Access remote data instead of downloading it

Hello,

I would like to version a Dataset of 20 TB that continue to increase in a bucket S3.

Some colleagues and myself will run some experiments using this data on our PCs, there is a way to access the remote (using boto3 or other option) data instead of downloading it with dvc pull ?

Hi @ecram, I have some questions to help determine what would be best.

  1. How is the data generated? Do you generate it locally and dvc push to s3, or is it updated directly in s3?
  2. Since you have 20 TB, will you be running experiments on all of it or some subset? If you will use a subset, how do you select the subset?
  3. Are files ever modified or deleted, or are they only added?
  4. Do you have versioning enabled on your s3 bucket?

Hi dberenbaum,

Please find my answers in bold.

  1. How is the data generated? Do you generate it locally and dvc push to s3, or is it updated directly in s3? We collect it and then upload it to our S3 bucket
  2. Since you have 20 TB, will you be running experiments on all of it or some subset? If you will use a subset, how do you select the subset? Most of the time we run experiment using the full 20 TB of data
  3. Are files ever modified or deleted, or are they only added? We mainly add new files, but we have a few rare cases that require that we update our files (for example correct the annotated value)
  4. Do you have versioning enabled on your s3 bucket? No, we only have the raw data.

You mention that the annotations might change. What is the structure of your data? Do you have separate annotations and raw data (like images or text)? What format are the annotations and how do they refer to the raw data? I’m wondering whether it is worthwhile to version all 20 TB or only the annotations, especially if the raw data is never modified or deleted.
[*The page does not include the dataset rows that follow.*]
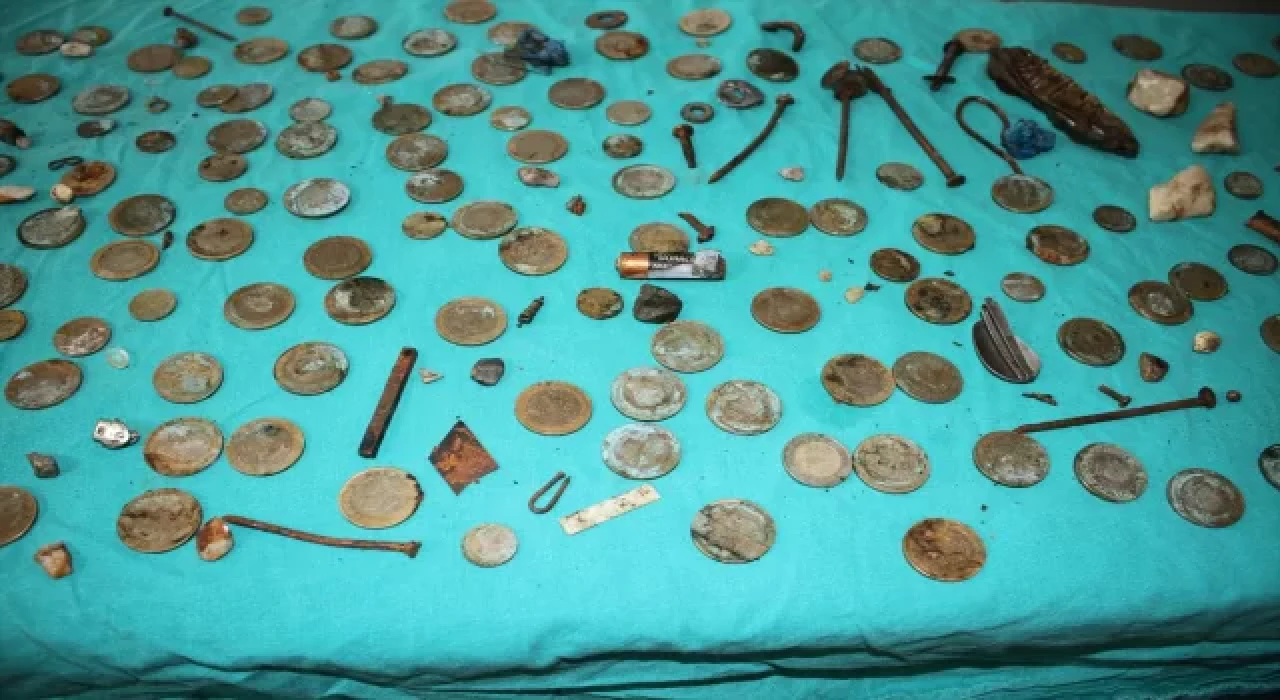 Midesinden 233 parça yabancı cisim çıkarılan hasta sağlığına kavuştu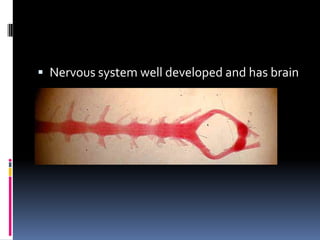 Nervous system well developed and has brain
 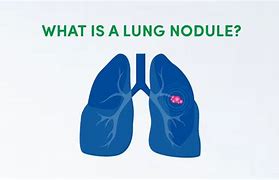 Image result for What Are Nodules in the Lungs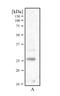 Calcipressin-1 antibody, NBP1-46852, Novus Biologicals, Western Blot image 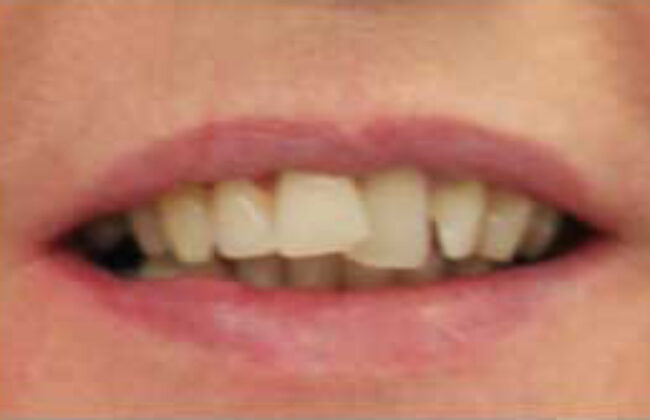 Before (Teeth)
Also, are you able to enable versioning on your s3 bucket? Take a look at Using versioning in S3 buckets - Amazon Simple Storage Service if you are unfamiliar. That would mean s3 would automatically version all the data for you already.

1 Like

That’s a good idea, thank you for your support.

Currently I am trying to add only the annotations (small files that sum up ~ 4 GB) but dvc add takes more than 1 hour to complete. Is this normal ?

It’s not unusual that DVC is slow with many small files (we are working on improving it), but an hour for 4 GB sounds longer than expected. Can you follow up with this info:

  • How many small files do you have?
  • How are you adding them and where are they stored?
  • Can you share the output of dvc doctor?

Sure:

  • I have 1689965 files
  • I add them using dvc add /PATH/TO/DIR inside DIR I have all the annotation files
  • Here is the output of dvc Doctor

DVC version: 2.45.1 (pip)

Platform: Python 3.8.16 on Linux-4.15.0-132-generic-x86_64-with-glibc2.27
Subprojects:
dvc_data = 0.40.3
dvc_objects = 0.19.3
dvc_render = 0.2.0
dvc_task = 0.1.11
dvclive = 2.1.0
scmrepo = 0.1.11
Supports:
http (aiohttp = 3.8.4, aiohttp-retry = 2.8.3),
https (aiohttp = 3.8.4, aiohttp-retry = 2.8.3),
s3 (s3fs = 2023.1.0, boto3 = 1.24.96)
Cache types: reflink, hardlink, symlink
Cache directory: btrfs on /dev/nvme0n1p3
Caches: local
Remotes: s3
Workspace directory: btrfs on /dev/nvme0n1p3
Repo: dvc, git

I would like to add that DVC push takes too long for only 4GB of data, using boto3 I can upload 900 GB in the same time (16 h). Have you tried to improve this by using something like this amazon web services - How can I increase my AWS s3 upload speed when using boto3? - Stack Overflow ?

@ecram Wait, it took 16h to upload that? That’s not normal, we are probably leaking some resources somewhere before actually using boto. The 1.6M of files is probably the cause, we need to take a closer look.

Hi @kupruser ,

Indeed and it failed to upload a few files, the message said that put_object failed, I had a similar issue when using boto3, I solve it using the link I posted above (TransferManager).

Please let me know if I can help you with some additional information.